Start of DATASET CONTENT

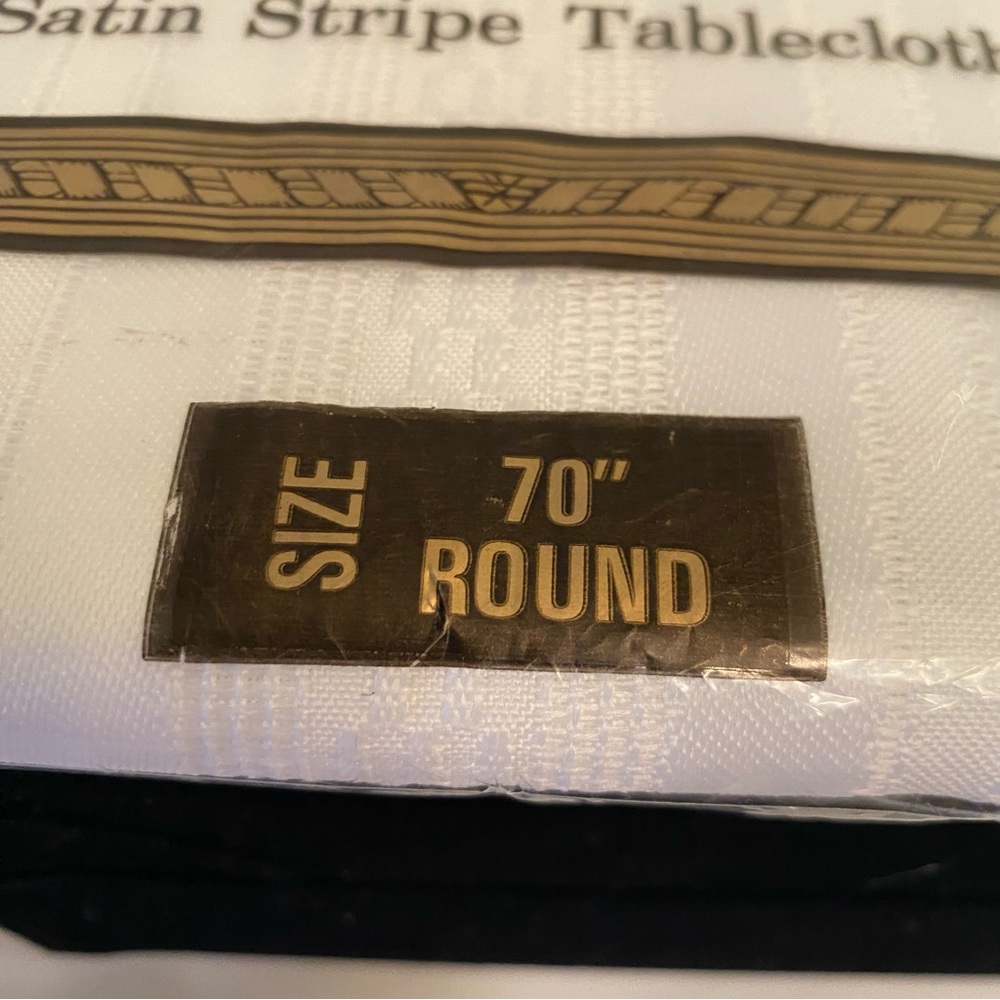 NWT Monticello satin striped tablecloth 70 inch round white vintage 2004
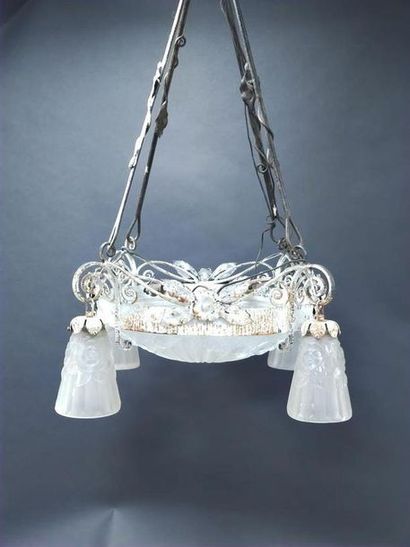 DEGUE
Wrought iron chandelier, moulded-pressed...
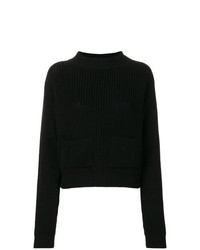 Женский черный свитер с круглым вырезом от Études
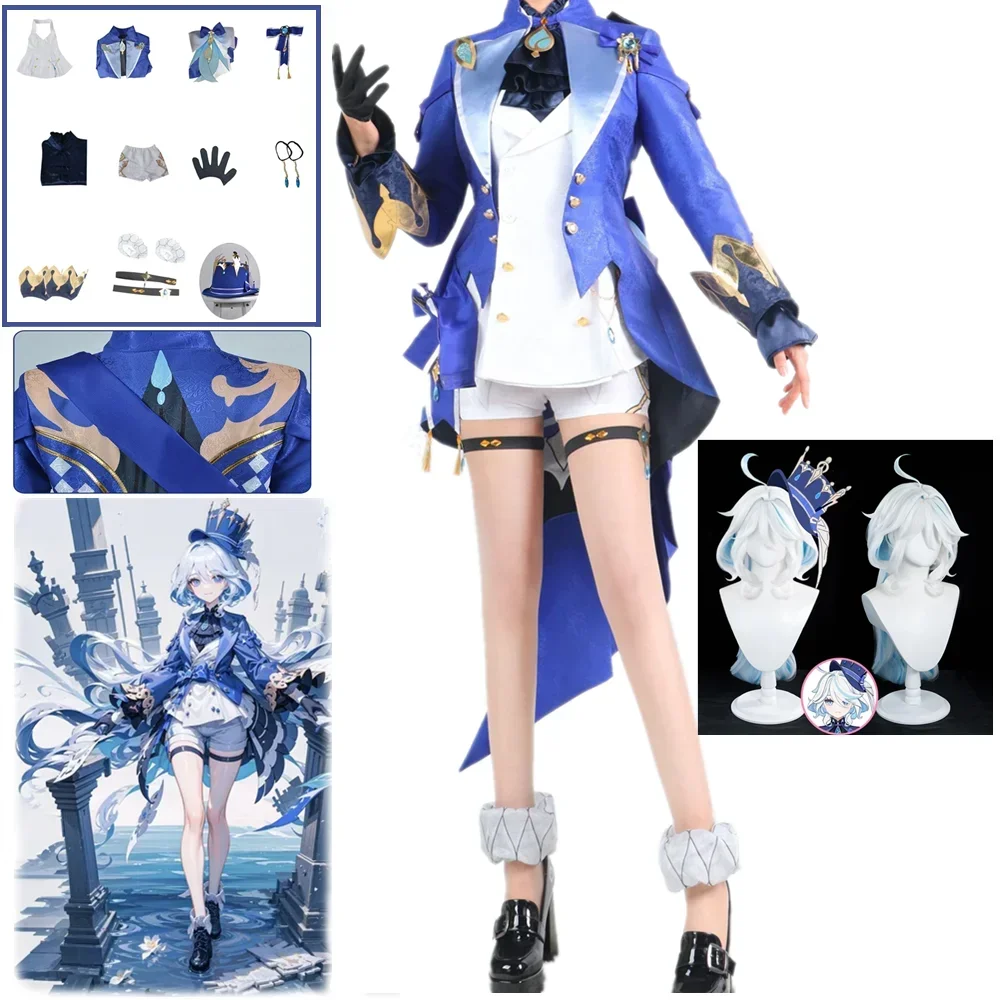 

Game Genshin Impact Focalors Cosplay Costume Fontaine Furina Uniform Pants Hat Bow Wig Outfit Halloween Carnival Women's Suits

End of DATASET CONTENT

## WHAT YOU SHOULD DO
A verbatim copy of every entry above, with no pictures, is the expected output.

## ANSWER SPACE
 NWT Monticello satin striped tablecloth 70 inch round white vintage 2004
 DEGUE
Wrought iron chandelier, moulded-pressed...
 Женский черный свитер с круглым вырезом от Études

Game Genshin Impact Focalors Cosplay Costume Fontaine Furina Uniform Pants Hat Bow Wig Outfit Halloween Carnival Women's Suits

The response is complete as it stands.